Um kurz vor halb fünf und 39sm machen wir in Porkkala/Dragesviken fest. Ein toller Hafen, der uns von Bootsnachbarn (ich weiß gar nicht mehr wo) empfohlen worden ist. Hier lernen wir auch, dass für jeden noch Platz ist, auch wenn man den sich schaffen muss, und dass an einer Heckboje auch mal 3 oder 4 Boote festmachen können. Eine Erfahrung, die wir später in den finnischen Häfen auch bestens anwenden können! Nach Dusche und Essen klönen wir mit den Bootsnachbarn; die KIRAX mit dem verrückten Hund Susi treffen wir auch wieder.

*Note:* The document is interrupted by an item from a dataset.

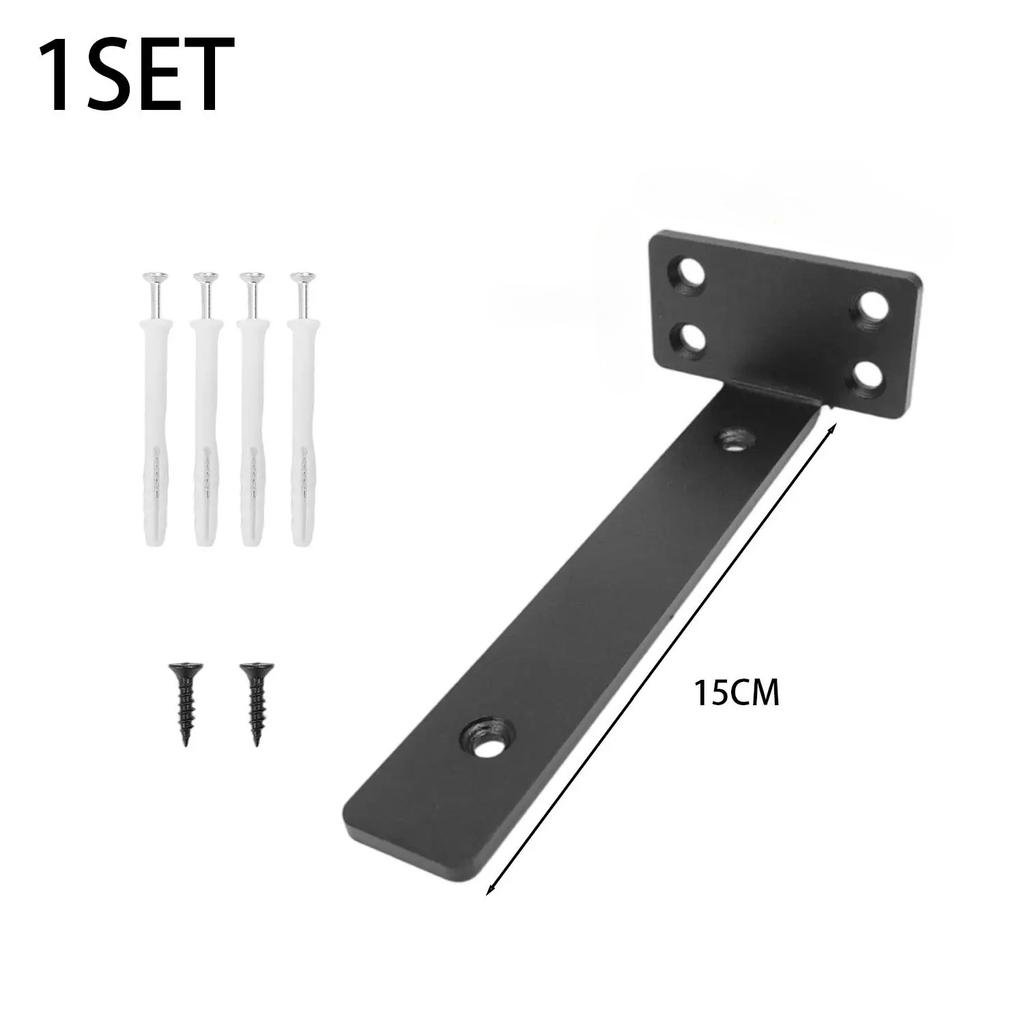 Floating Shelf Bracket Heavy Duty Hidden Wall Shelf Support Carbon Steel Black Invisible Brackets For Diy Floating Shelves Books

Am nächsten Morgen hat der eine Bootsnachbar aus Hamburg Geburtstag und lädt uns für den Nachmittag zu einer Grillparty ein, aber wir müssen heute Abend in Helsinki sein, morgen hat Inge ihren Termin. Also legen wir um kurz nach 11 ab, um den kurzen Schlag durch das Innenfahrwasser nach Helsinki zu machen. Wir können auch wieder ganz gut segeln, zwischendrin gibt es eine kleine Regatta mit einem Schwesterschiff und einer älteren Bavaria 31, dann kommen wir in das riesige Hafengebiet Helsinkis. Hier fahren wir lieber unter Motor. Ziemlich verwirrend die Betonung, die Untiefen und die umeinander rasenden Motorboote. Diese verwirren ganz offensichtlich auch unser AIS. Es piept ununterbrochen und zeigt „too much noise“ an. Ich denke, ich habe schon wieder eine neue Baustelle, kann aber am nächsten Tag vom Raymarine-Kollegen aus Hamburg beruhigt werden, der mir das mit den „Slots etc.“ erklärt. Später, als wir Helsinki wieder verlassen haben, funktioniert auch das AIS wieder ordentlich.